◆ Activity ◆
Could you return, exactly as written, every line from the one containing "Luca Parmitano Abandons spacewalk" through the last line of the entries below, leaving out the pictures?
***** Input *****
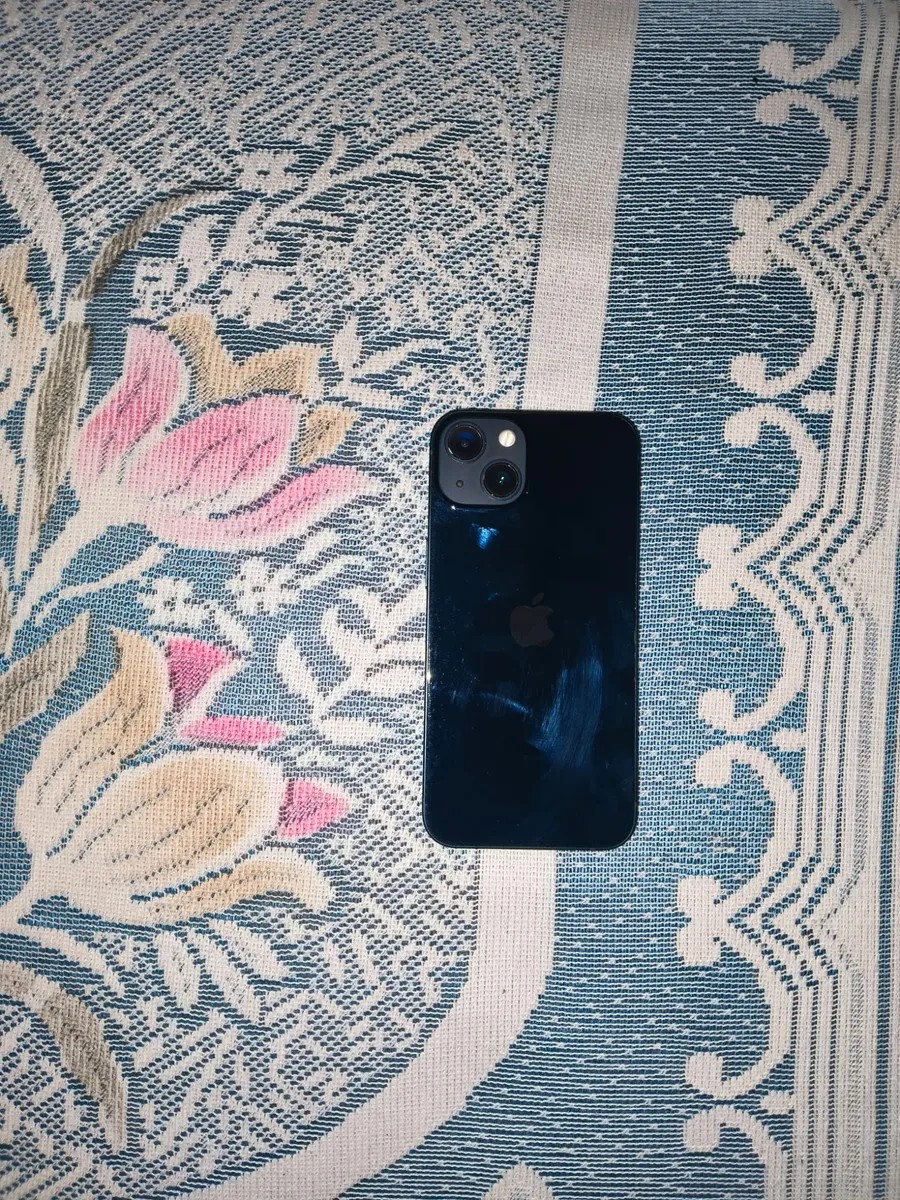 Apple iPhone 13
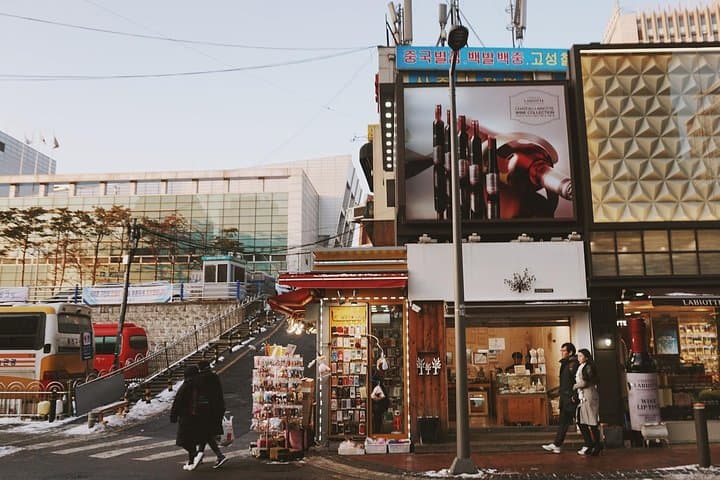 Hongdae Private Walking Tours: Personalized Local Hosts & Street Culture photo 3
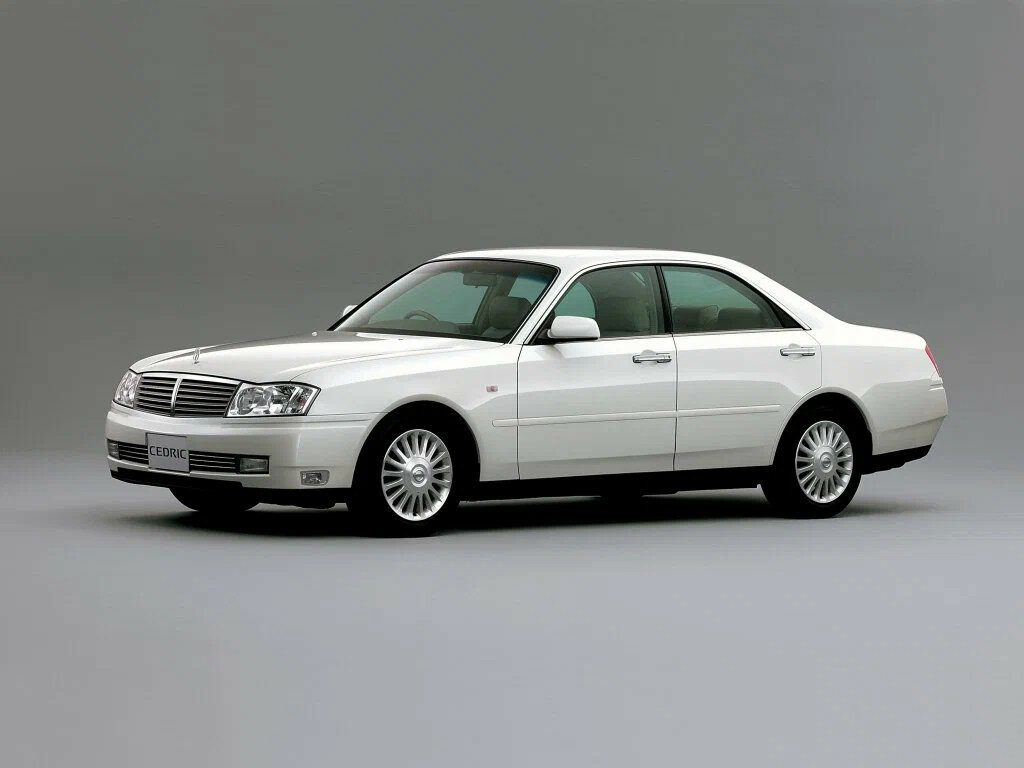 Nissan Cedric X (1999-2004) - Седан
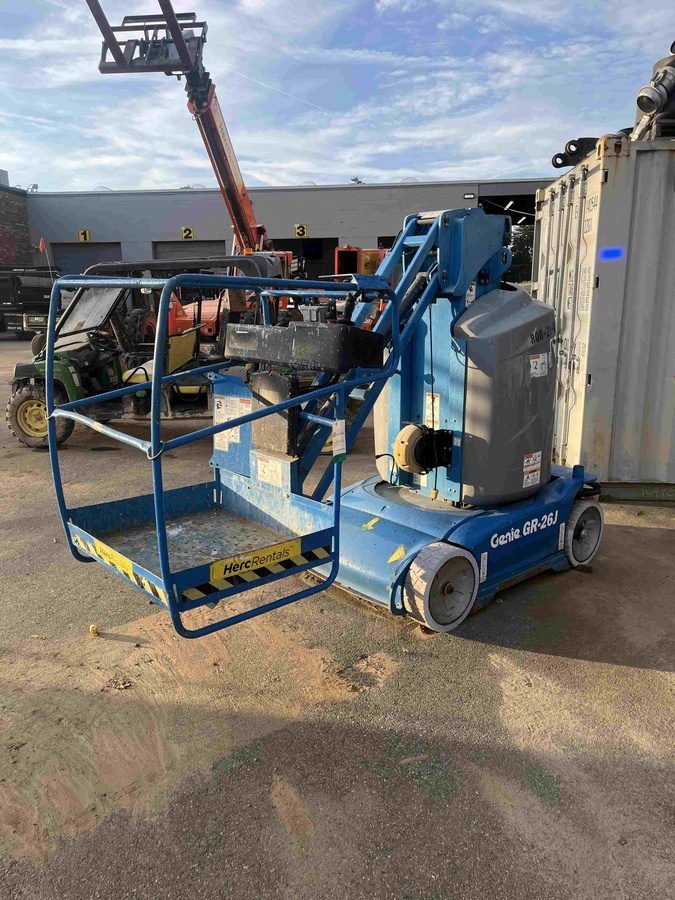 2018 Genie GR26J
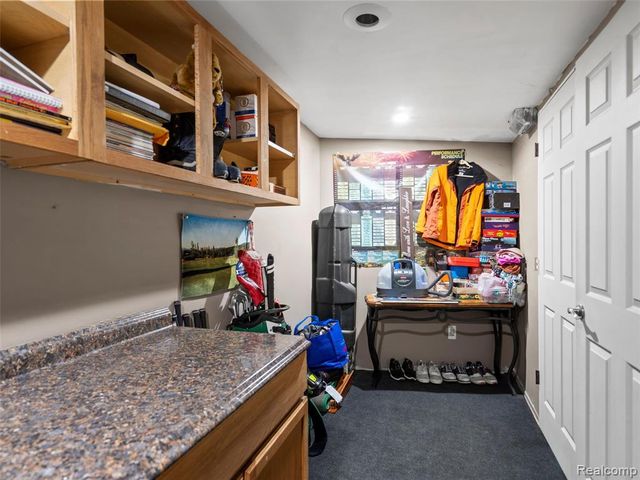 3557 Frankman Avenue, Waterford, MI 48329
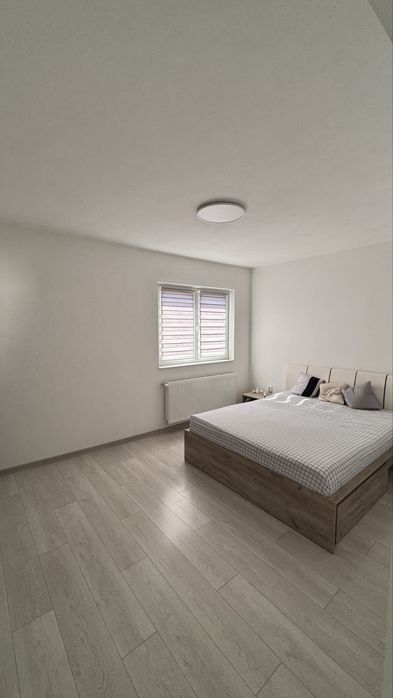 Casă Modernă în Zona Castelului Transilvania – Eleganță și Liniște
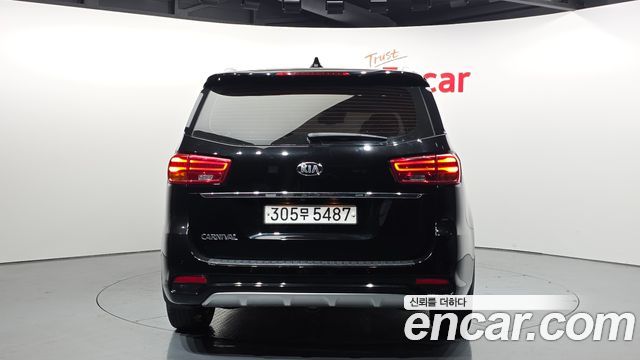 Kia Canival 2019 — photo 4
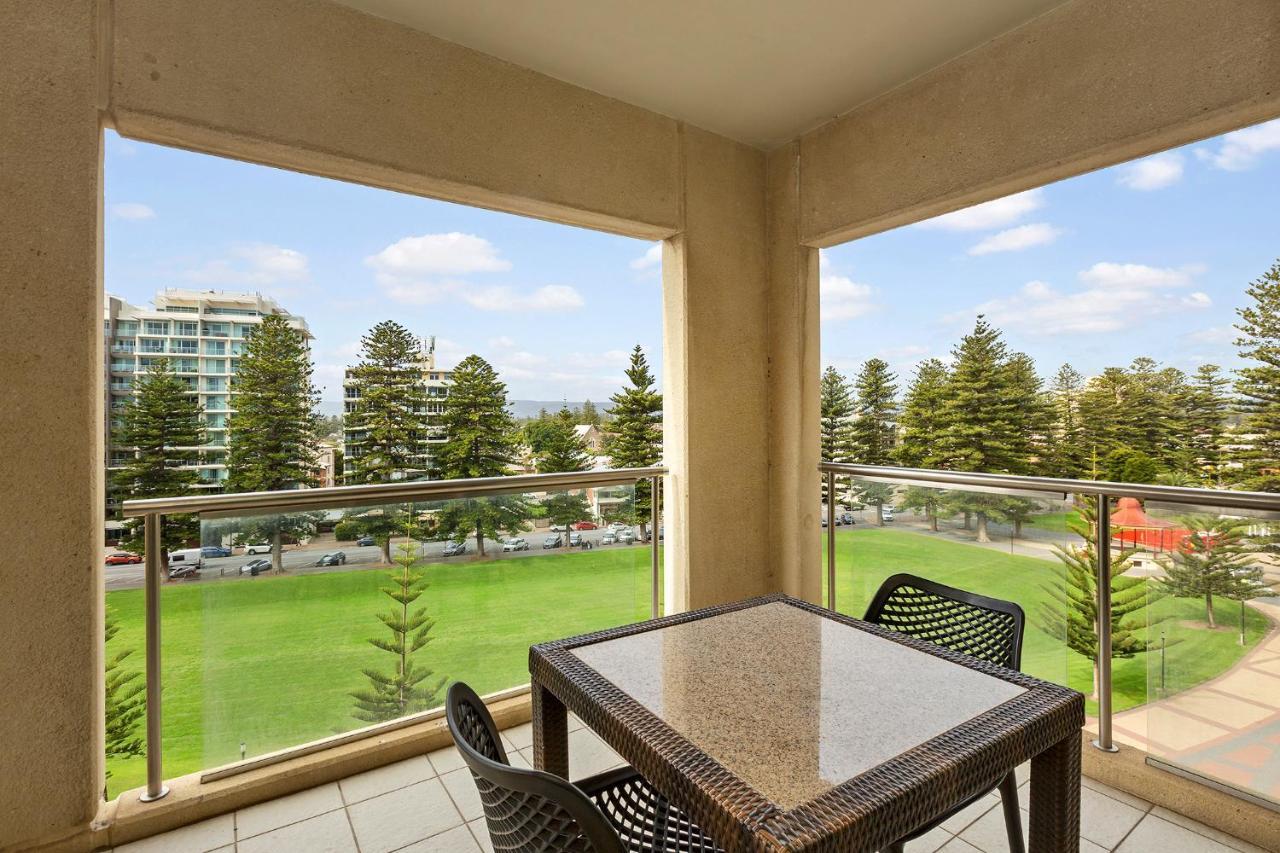 Belle Escapes - Glenelg Seaside Apartment Kültér fotó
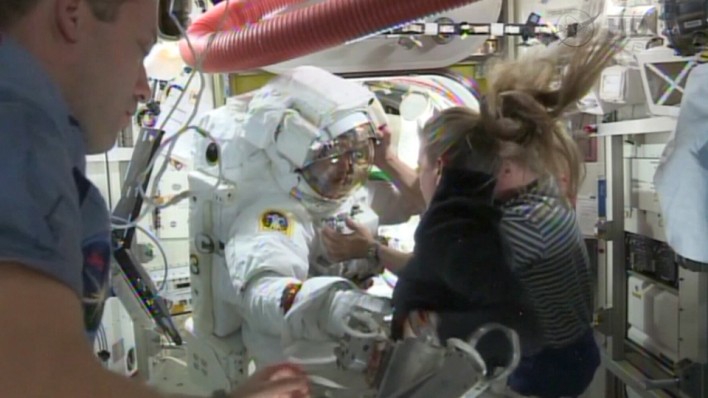 Luca Parmitano Abandons spacewalk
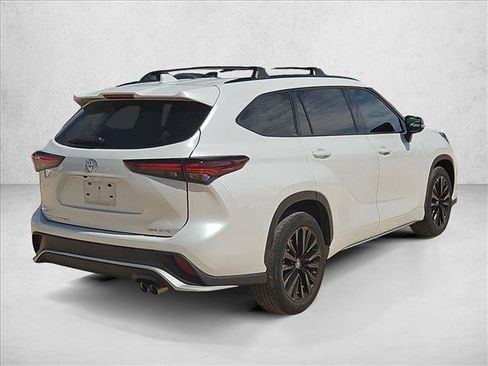 Used 2024 Toyota Highlander XSE AWD/4WD image 5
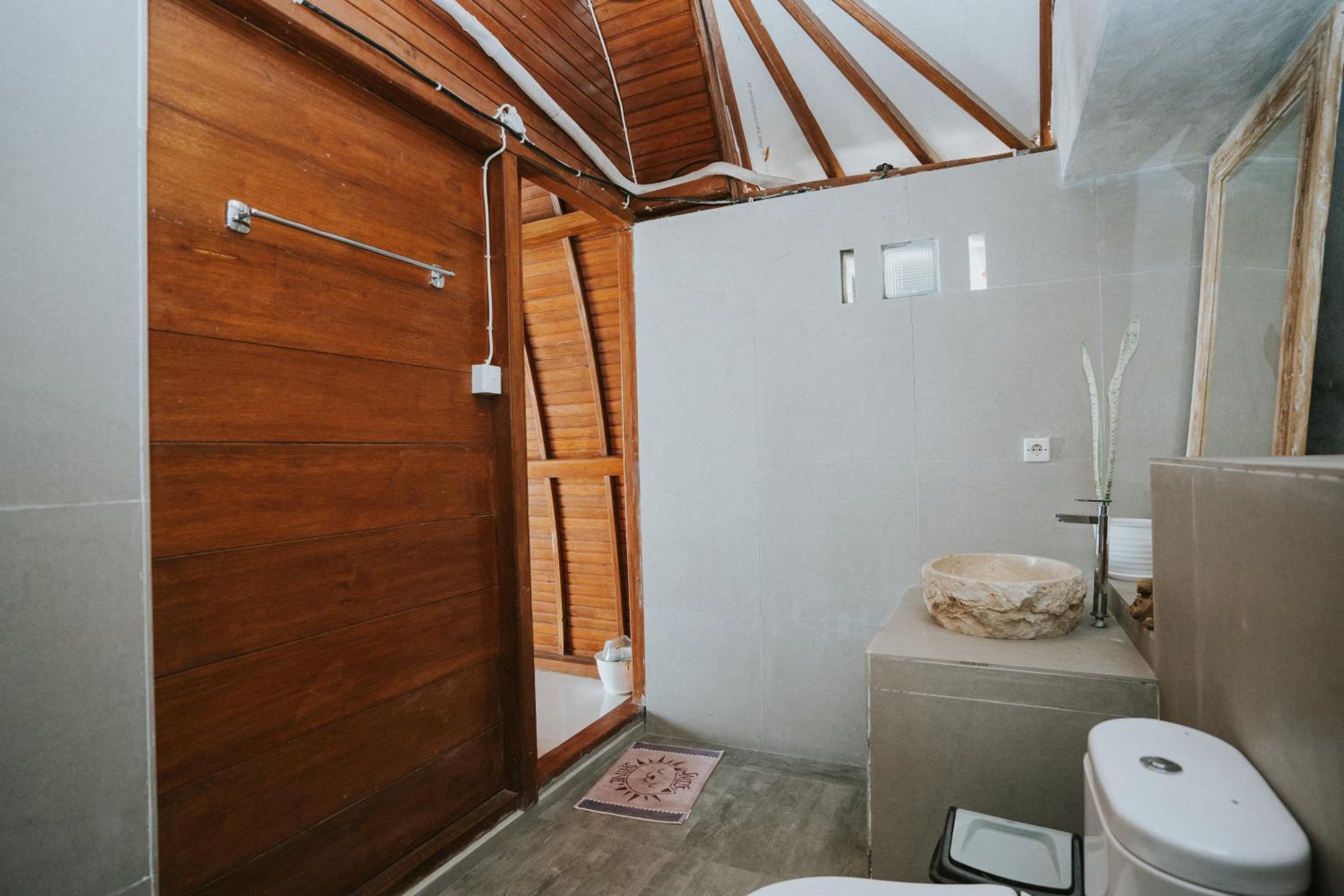 Deluxe Bungalow with Sea View - Photo 20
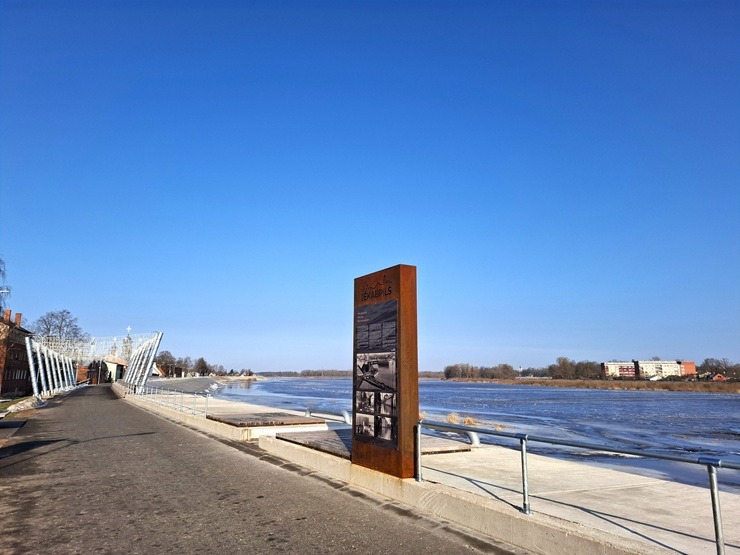 Daugavas aizsargdambis Jēkabpilī - atzinību guvis pilsētas sargs palu laikā 388497
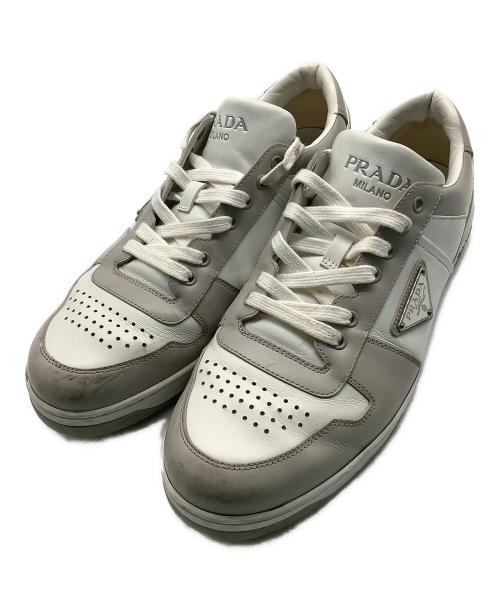 PRADA（プラダ）PRADA (プラダ) ダウンタウン レザースニーカー ホワイト×グレー サイズ:81/2の古着・服飾アイテム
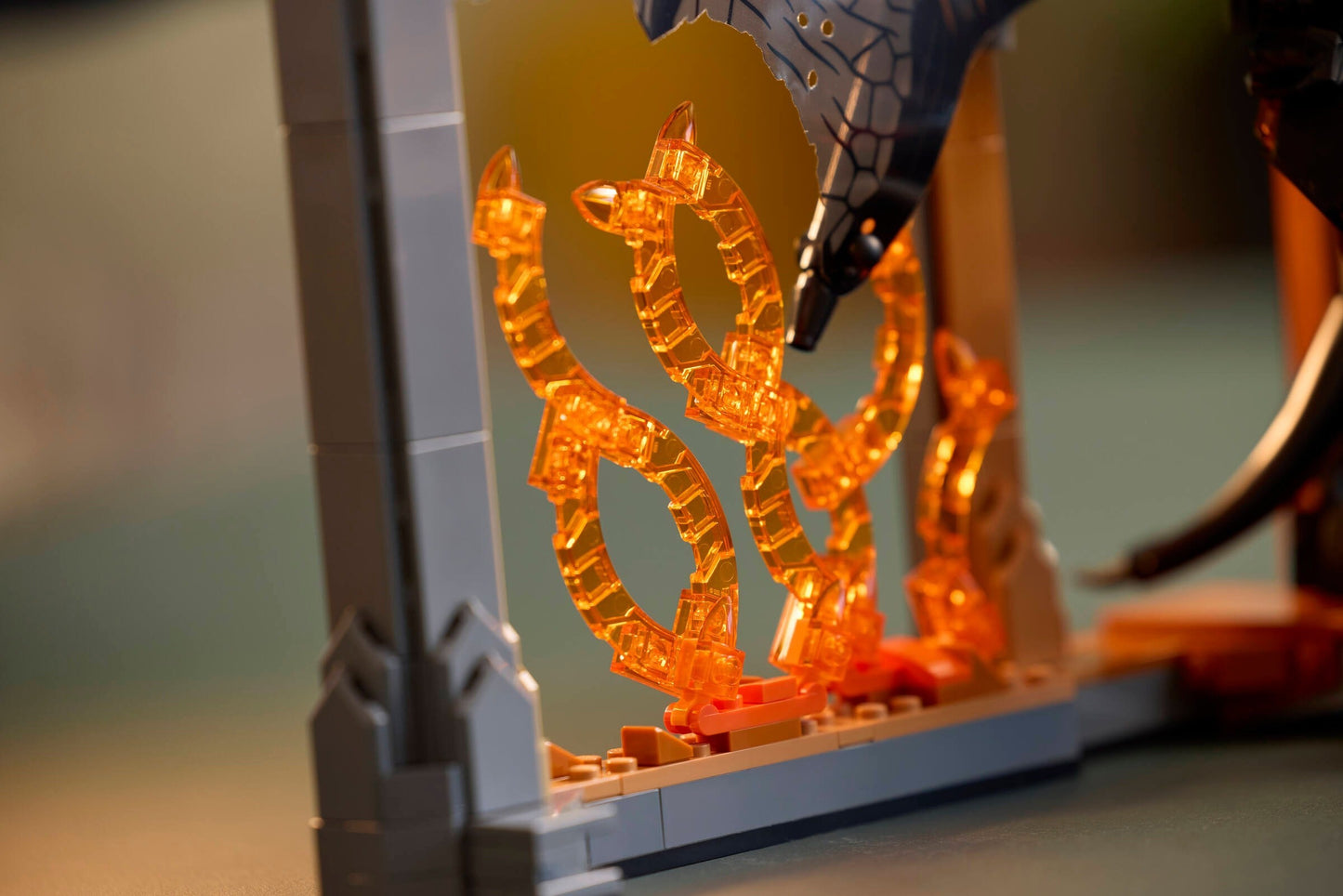 10367 LEGO ICONS The Lord of the Rings: Balrog™ Book Nook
*****
◆ Solution for this problem ◆
 Luca Parmitano Abandons spacewalk
 Used 2024 Toyota Highlander XSE AWD/4WD image 5
 Deluxe Bungalow with Sea View - Photo 20
 Daugavas aizsargdambis Jēkabpilī - atzinību guvis pilsētas sargs palu laikā 388497
 PRADA（プラダ）PRADA (プラダ) ダウンタウン レザースニーカー ホワイト×グレー サイズ:81/2の古着・服飾アイテム
 10367 LEGO ICONS The Lord of the Rings: Balrog™ Book Nook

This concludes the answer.